Temperature effects in the electrochemical behaviour of cycled lead electrodes in HCl solutions

Abstract

The electrochemical behaviour of cycled lead electrodes has been investigated in HCl solutions in the temperature range −6° to 30°C. Because of the low ionic strength of solution below ~0.8 M, and the associated ir drop problem, solutions stronger than 1.0 M were principally considered. In weaker solution (0.1–0.8 M) only derived current functions were analysed, whilst all potential-dependent parameters were rejected. Results are reported for both stationary and rotatiang disc electrodes.

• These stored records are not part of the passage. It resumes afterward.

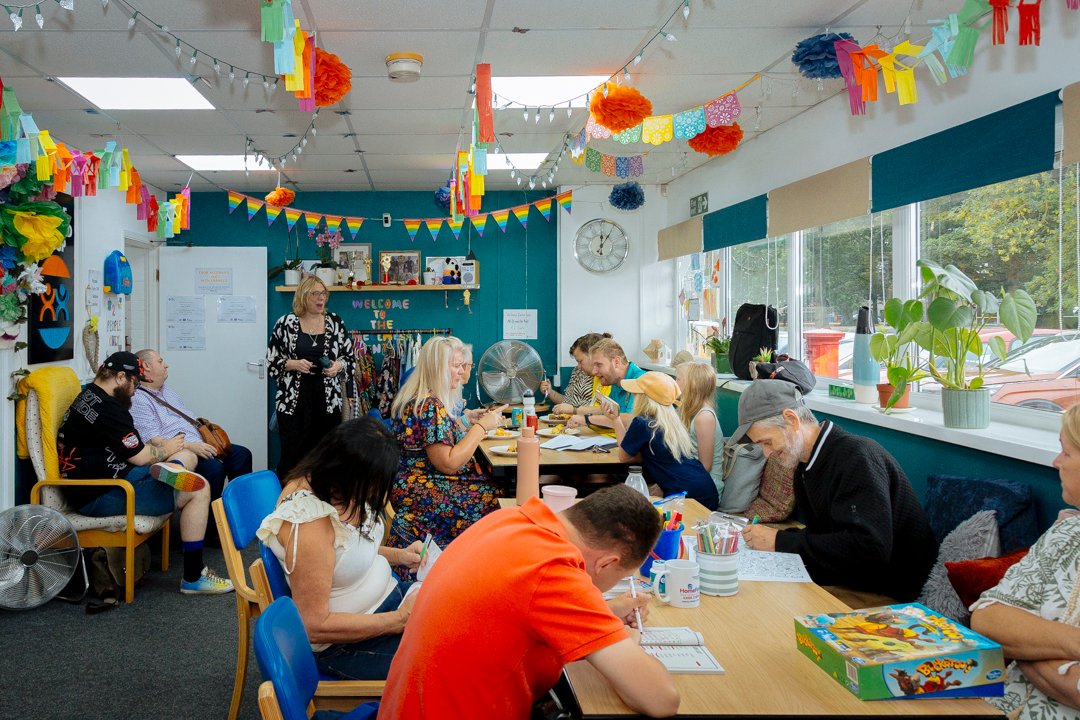 Community centre where adults and children are sat at tables doing activities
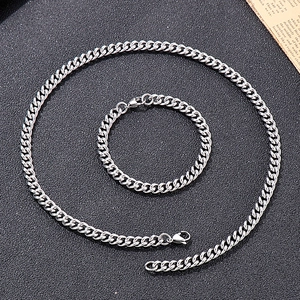 Detail of 7mm stainless steel cuban link chain set with necklace and bracelet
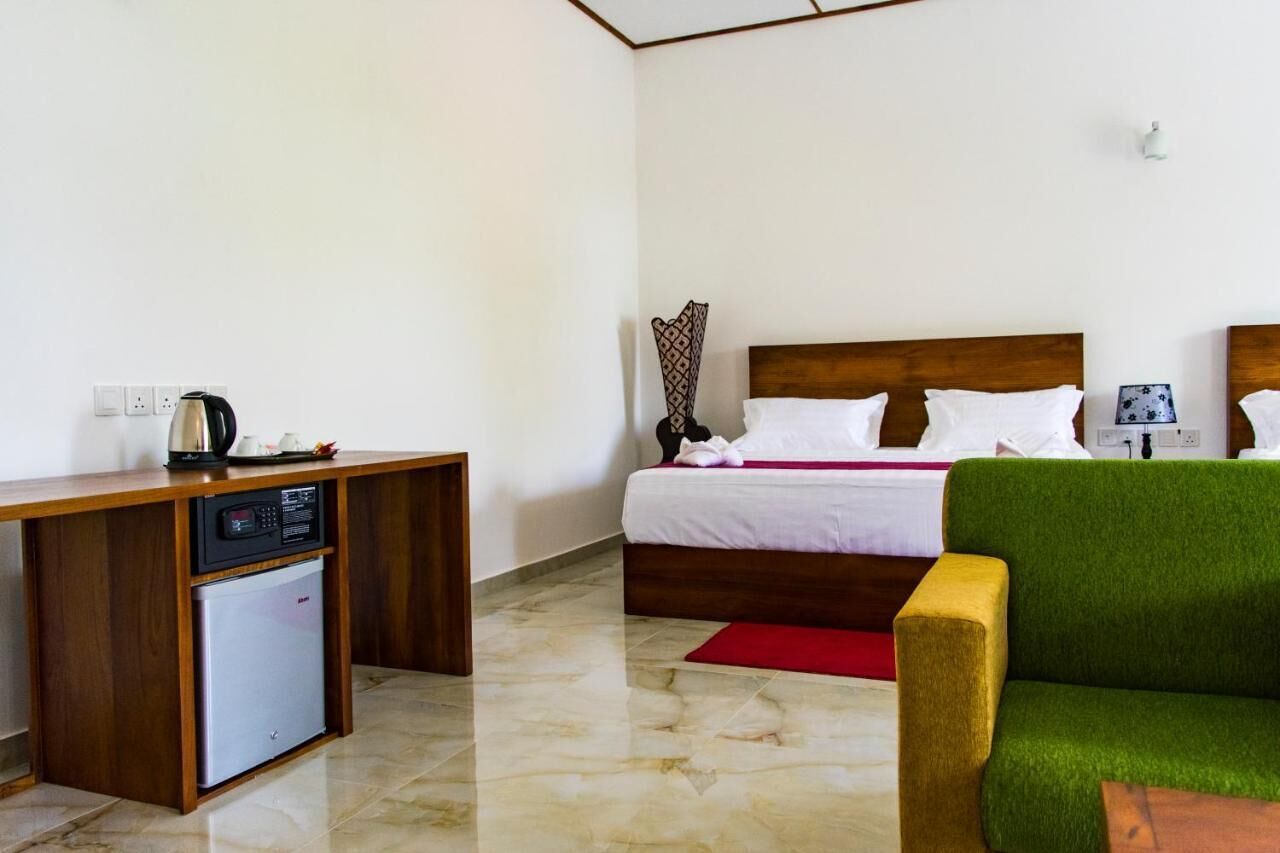 A hotel room with a bed, a small refrigerator, a wooden desk, and a green armchair.
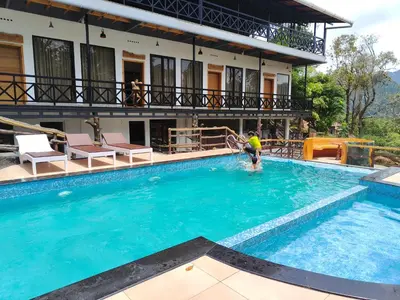 a person playing in the water in a swimming pool at The Wild Trails Clarks Exotica , Munnar in Munnar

Because of the chemical dissolution of the surface layer of PbCl 2 formed on anodic scan, measurements were confined to time-scales of < 1 s. By applying these strict criteria, the overall reaction scheme was deduced. In particular, the kinetics of passivation were found to involve the three-dimensional growth of isolated PbCl 2 nuclei, which slowly dissolve into solution. At extreme anodic potentials, or at low temperature, passivation occurs by progressive, two-dimensional growth under diffusion control. A simultaneous electrochemical dissolution of Pb 2+ at somewhat more negative potentials is noted, for which the rate-determining step is the diffusion of lead ion complexes away from the electrode surface. The nature of the reactivation of the electrode at extreme anodic potentials is also discussed.